Os exemplos concretos, depois de três anos de plena atividade, se multiplicam. Blumenthal se recorda de uma atriz que havia aceitado uma sequência de sexo simulada em que suas nádegas apareceriam. Mas, uma vez no set, descobriu-se que incluía uma foto ampla com apalpadelas e nudez completa. A atriz expressou seu medo para a coordenadora de intimidade, que concordou com o diretor em filmar aquela imagem sob os lençóis. E Meleza Morris, que exerce a função há apenas dois meses, após receber o treinamento de Blumenthal, cita outro caso: “Em um curta, um pai tinha que bater em uma menina. Nenhum dos dois jamais havia atuado e de repente tinham que representar uma sequência de violência, então o diretor me pediu para estar presente”. Por fim, a garota usou calças reforçadas, como as de patinação, e encontraram uma maneira de o homem nunca tocar nela, lembra Morris. E sugere que sua presença também poderia ser estendida no futuro para desfiles de moda ou filmes pornográficos.

Olly Alexander (centro), em uma cena de ‘It's a Sin’. / HBO
Olly Alexander (centro), em uma cena de ‘It's a Sin’. / HBO hbo (HBO)

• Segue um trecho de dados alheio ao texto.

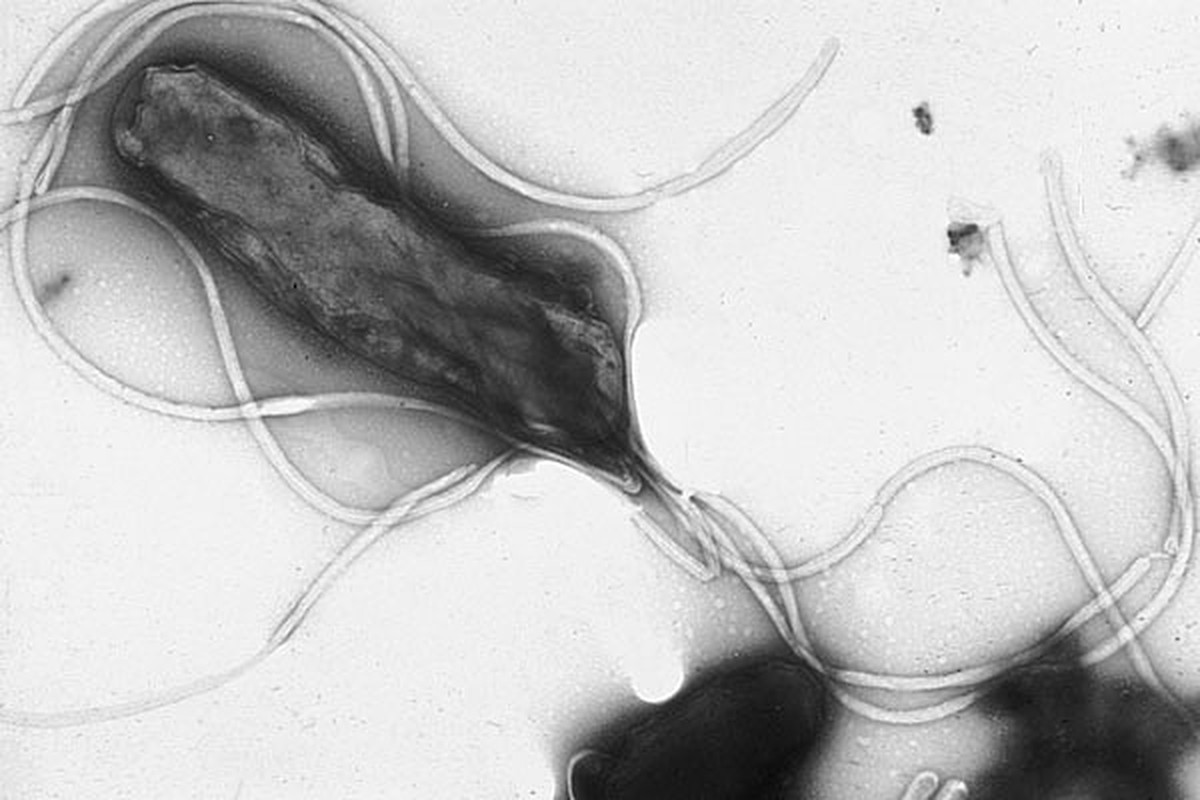 Helicobacter pylori bakterisinin elektron mikroskobu görüntüsü, çok sayıda kamçıyla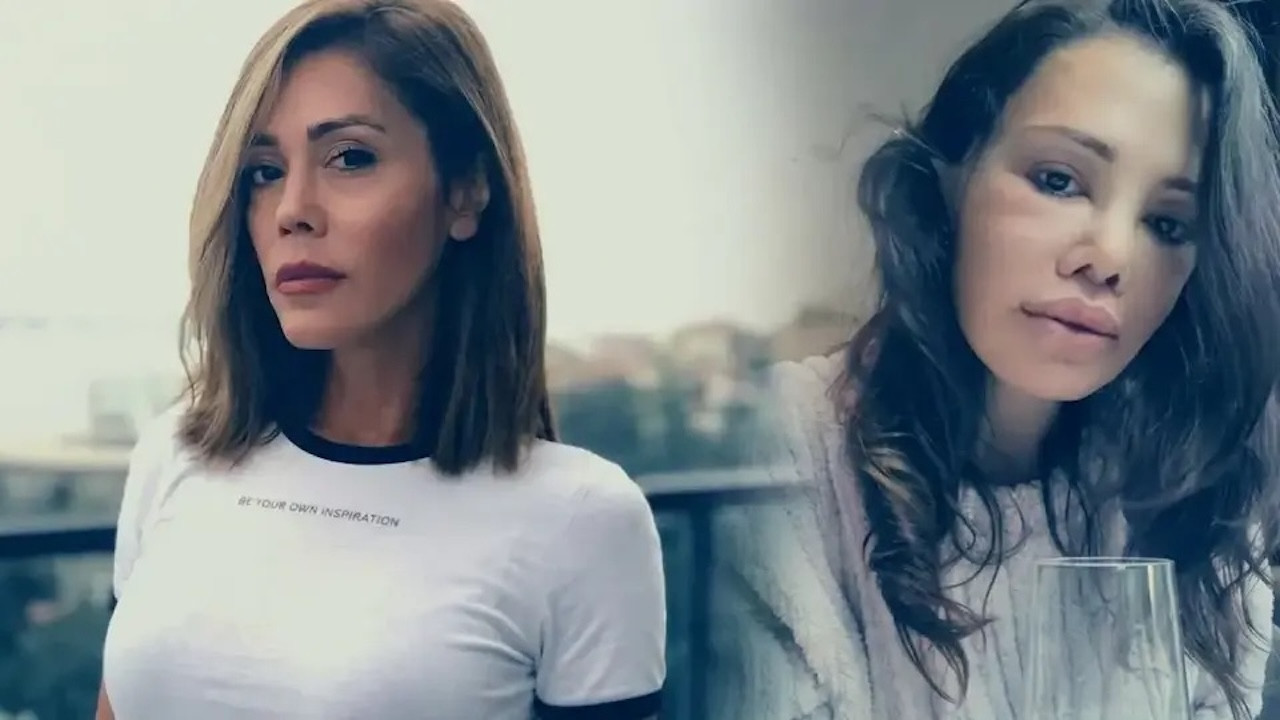 Didem Ceran yüz nakli sonrası yeniden paylaştı!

Mas nem sempre há tanto consenso. As três concordam em que a experiência tornou seu trabalho mais conhecido e reduziu o ceticismo. No entanto, as dúvidas persistem. Tanto que todas insistem que em nenhum momento pretendem censurar ou limitar diretores e roteiristas. “Além do mais, ter uma pessoa no set dedicada a essas tarefas permite ao cineasta se libertar disso e se concentrar mais em seu trabalho”, diz Morris. Em uma reportagem recente do The Hollywood Reporter, a criadora da série Dead to Me, Liz Feldman, afirmou que ter uma coordenadora de intimidade lhe trouxe “certo alívio”. “Pode haver resistência. Atores que não querem ensaiar ou ficam mais nervosos, produtores que te convidam a conferir tudo com os intérpretes e depois te deixam de lado, ou diretores que sentem que você está pisando neles “, enumera O’Brien.

Em algumas ocasiões, parte da equipe chegou a apontar para a produção que considerava desnecessária a presença de um coordenador de intimidade. “Trabalhei em estúdios em que se tentava forçar os atores a fazer coisas que eles não queriam. A maioria tem limites muito sérios quando se trata de ficar nu e no final é o corpo deles que ficará na tela por toda a eternidade”, acrescenta Blumenthal. Ambas afirmam que contratos e castings ambíguos continuam a ser fontes de conflito. Uma atriz ficou chocada quando Blumenthal lhe perguntou se ela estava pronta para a sequência com os peitos nus que iria filmar, algo que ela desconhecia.

Paul Mescal e Daisy Edgar-Jones, em uma sequência de ‘Normal people’. / HULU / EL PAÍS
Paul Mescal e Daisy Edgar-Jones, em uma sequência de ‘Normal people’. / HULU / EL PAÍS Hulu (EL PAÍS)

Mas os problemas também podem vir dos próprios coordenadores de intimidade. Morris, de origem panamenha, é uma das poucas trabalhadoras do setor nem branca, nem 100% anglo-saxã. Com menos de cem profissionais em todo o planeta, a representatividade de diferentes etnias, orientações e identidades sexuais ou origens geográficas é muito limitada. Na Espanha há uma aprendiz de O’Brien que está dando os primeiros passos, segundo sua orientadora. As mulheres dominam a profissão. Dos 60 coordenadores que Blumenthal conhece, apenas cinco são homens.

Alguns profissionais também demonstraram pouco treinamento e excessivo afã de protagonismo no set, segundo artigo do The Hollywood Reporter. Por isso, Blumenthal colaborou no desenvolvimento recente de diretrizes emitidas pelo sindicato de atores dos Estados Unidos para profissionalizar ainda mais os coordenadores de intimidade. Entre outras medidas, propõe-se a obrigatoriedade de acumular treinamento e experiência e um registo oficial. Elas mesmas concordam em reforçar as garantias. No final das contas, trata-se de seu campo de trabalho: a confiança.